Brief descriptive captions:
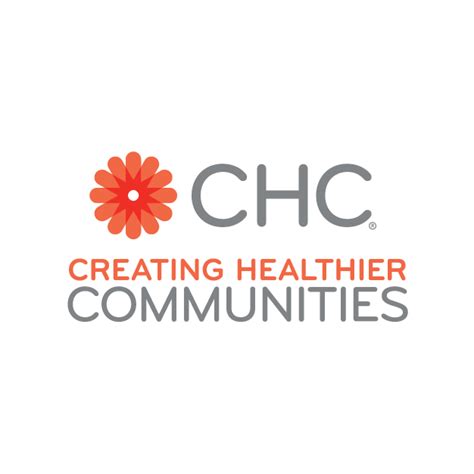 CHC: Creating Healthier Communities - Mission Partners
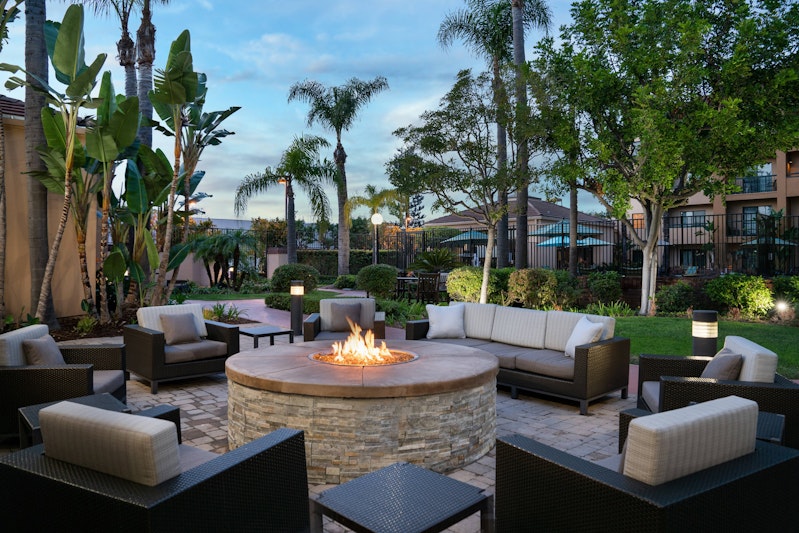 Courtyard by Marriott Costa Mesa South Coast Metro 6/15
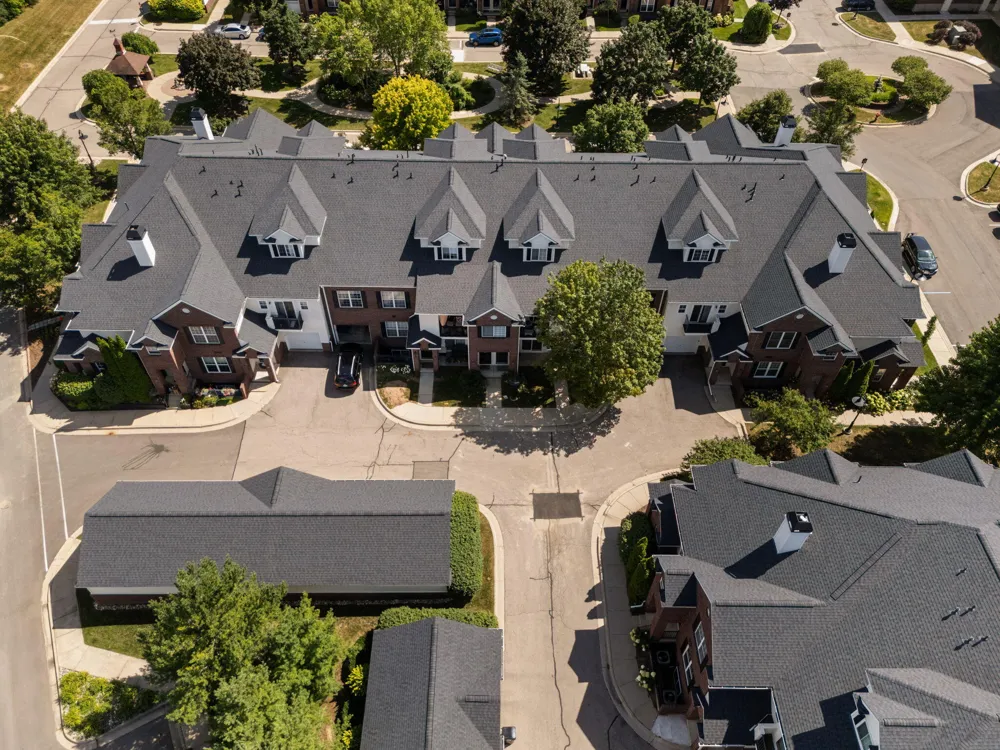 273 Scio Village Court #131 Ann Arbor, MI 48103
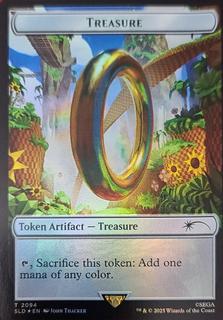 Treasure
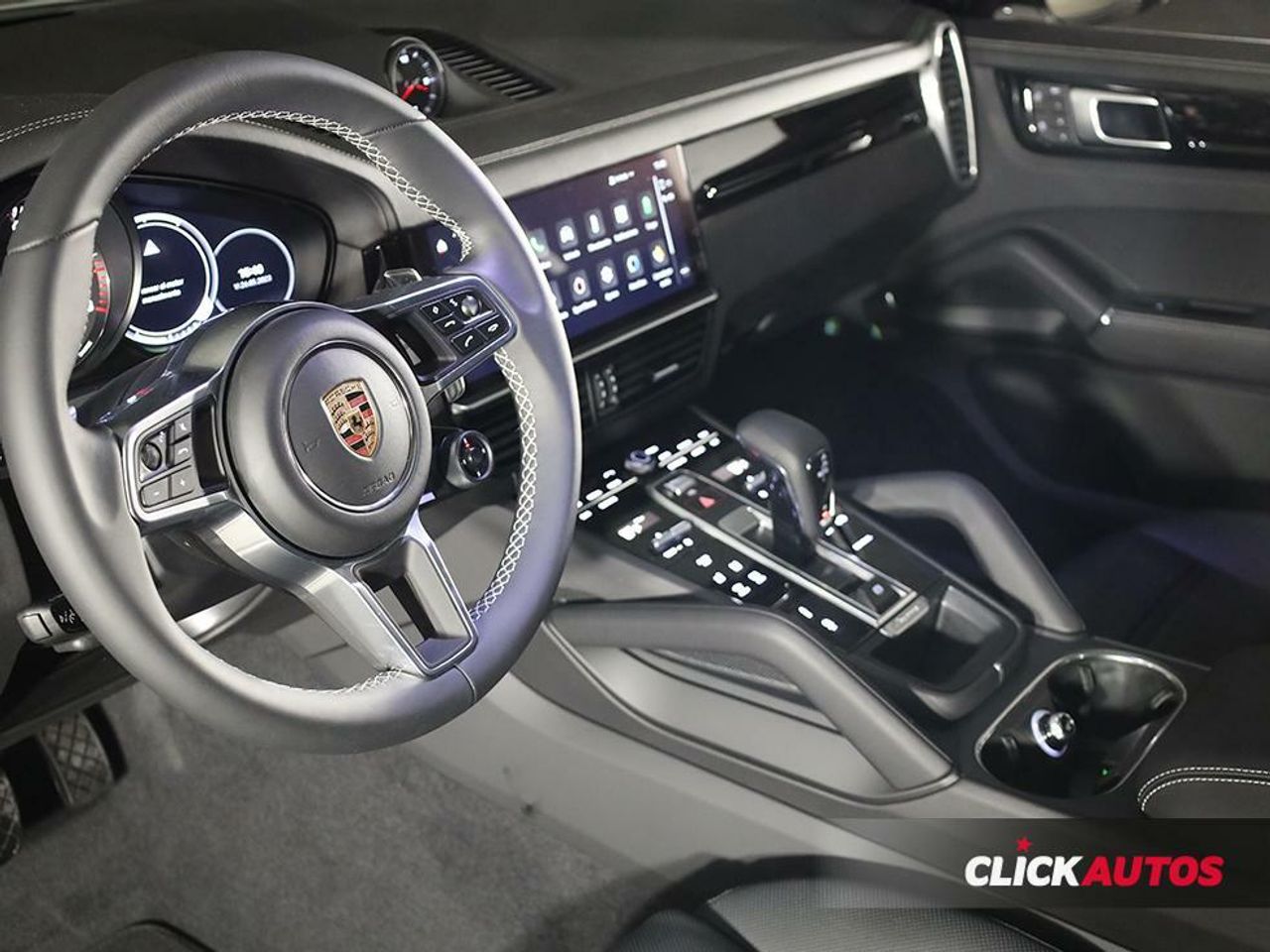 Foto Porsche Cayenne 23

• _Task objective_: Using the records above, reproduce exactly the lines from the line containing "273 Scio Village" through the last line, with both ends kept and no pictures.

• _Expected output_:
 273 Scio Village Court #131 Ann Arbor, MI 48103
 Treasure
 Foto Porsche Cayenne 23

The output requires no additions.